→ COLLECTED DATA:
════════════════

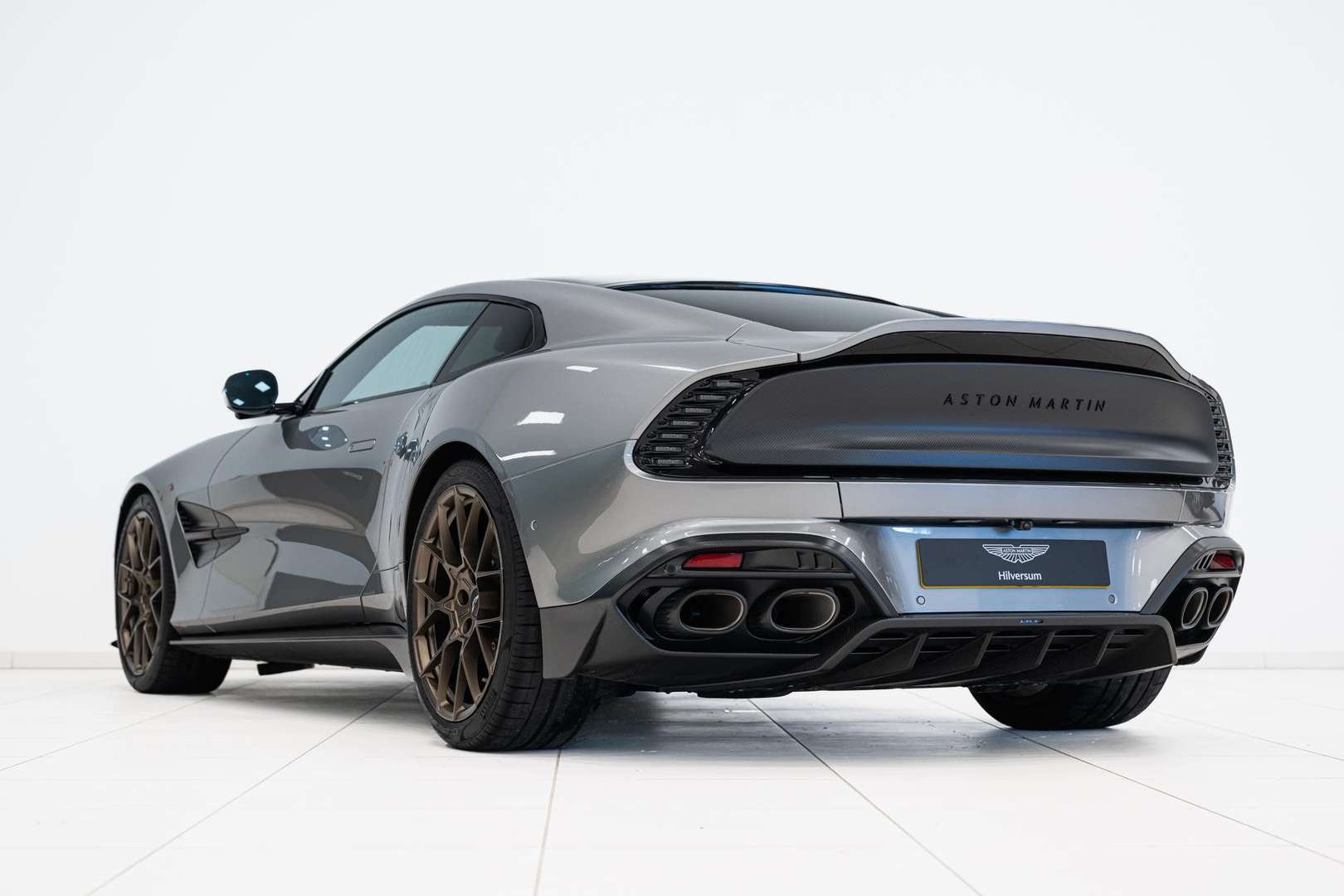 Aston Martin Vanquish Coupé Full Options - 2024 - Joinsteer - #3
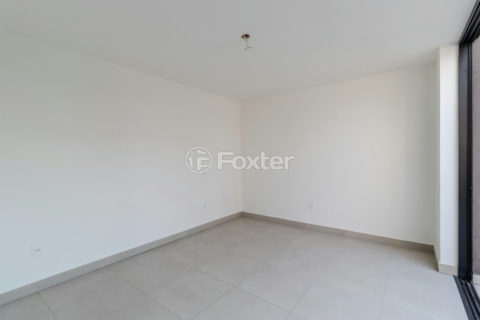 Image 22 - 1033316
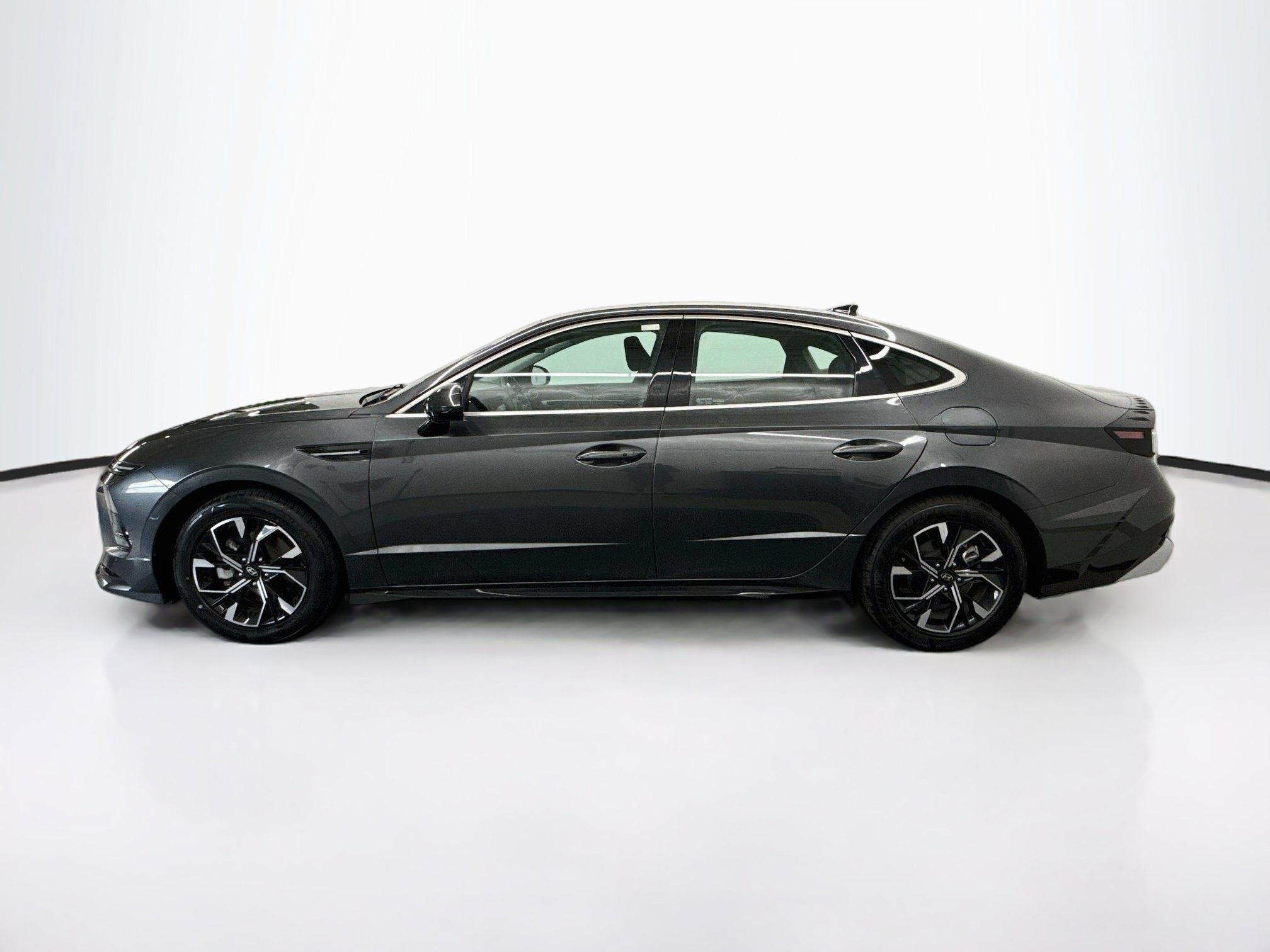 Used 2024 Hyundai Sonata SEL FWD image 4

════════════════

→ WHAT YOU ARE ASKED TO DO: Repeat the data exactly as written, but without the pictures.

→ TASK RESPONSE:
 Aston Martin Vanquish Coupé Full Options - 2024 - Joinsteer - #3
 Image 22 - 1033316
 Used 2024 Hyundai Sonata SEL FWD image 4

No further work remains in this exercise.